1 Van Simeon Petrus, dienaar en apostel van Jezus Christus. Aan allen die dankzij de rechtvaardigheid van onze God en redder Jezus Christus hetzelfde kostbare geloof hebben ontvangen als wij. 2 Genade zij u en vrede, in overvloed, door de kennis van God en van Jezus, onze Heer.
3 Zijn goddelijke macht heeft ons alles geschonken wat nodig is voor een vroom leven, door de kennis van Hem die ons geroepen heeft door zijn majesteit en wonderbaarlijke kracht. 4 Hiermee zijn ons kostbare, rijke beloften gedaan, opdat u zou ontkomen aan het verderf dat de wereld beheerst als gevolg van de begeerte, en opdat u deel zou krijgen aan de goddelijke natuur.
5 Span daarom al uw krachten in om uw geloof te verrijken met deugdzaamheid, uw deugdzaamheid met kennis, 6 uw kennis met zelfbeheersing, uw zelfbeheersing met volharding, uw volharding met vroomheid, 7 uw vroomheid met liefde voor uw broeders en zusters, en uw liefde voor uw broeders en zusters met liefde voor allen. 8 Als u deze eigenschappen in overvloed bezit, is uw kennis van onze Heer Jezus Christus niet nutteloos maar vruchtbaar. 9 Wie ze niet bezit is kortzichtig, ja blind, en vergeet dat hij van zijn vroegere zonden gereinigd is. 10 Span u daarom des te meer in, broeders en zusters, om uw roeping en uitverkiezing waar te maken. Als u dit alles doet, komt u nooit ten val 11 en zal u onbelemmerd toegang worden verleend tot het eeuwige koninkrijk van onze Heer en redder Jezus Christus.

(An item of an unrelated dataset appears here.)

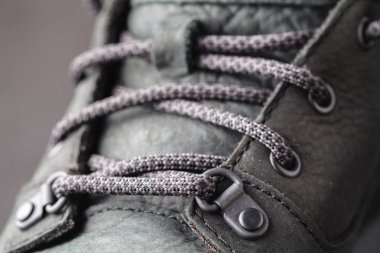 ahşap zemin üzerinde görünümü kadar kış ayakkabı kapatın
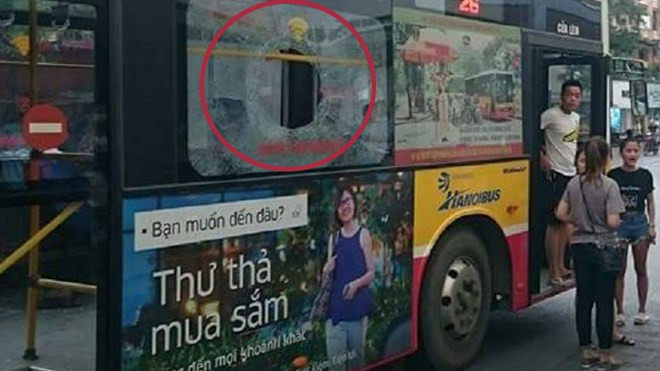 Xác định thanh niên ném gạch chảy máu đầu khách đi xe buýt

Trouw aan de apostelen en de profeten
12 Daarom zal ik u hieraan blijven herinneren, hoewel u dit alles wel weet en gegrondvest bent in de waarheid die u hebt leren kennen. 13 Maar het lijkt me goed u wakker te houden door het telkens opnieuw onder uw aandacht te brengen zolang ik in deze aardse tent verblijf. 14 Ik weet dat mijn tent binnenkort zal worden afgebroken – dat heeft onze Heer Jezus Christus mij te kennen gegeven –, 15 en ik doe er mijn uiterste best voor dat u zich dit alles ook na mijn heengaan steeds weer voor de geest zult kunnen halen.
16 Toen wij u de glorierijke komst van onze Heer Jezus Christus verkondigden, baseerden wij ons niet op vernuftige verzinsels – integendeel, wij hebben met eigen ogen zijn grootheid gezien. 17 Want Hij ontving van God, de Vader, eer en luister toen de stem van de majesteitelijke luister tegen Hem zei: ‘Dit is mijn geliefde Zoon, in Hem vind Ik vreugde.’ 18 Die stem hebben wij zelf uit de hemel horen klinken toen wij met Hem op de heilige berg waren. 19 Ons vertrouwen in de woorden van de profeten is daardoor alleen maar toegenomen. U doet er goed aan uw aandacht daar steeds op gericht te houden, als op een lamp die in een donkere ruimte schijnt, totdat de dag aanbreekt en de morgenster opgaat in uw hart. 20 Besef daarbij vooral dat geen enkele profetie uit de Schrift een eigenmachtige uitleg toelaat, 21 want nooit is een profetie voortgekomen uit menselijk initiatief: mensen die namens God spraken werden daartoe altijd gedreven door de heilige Geest.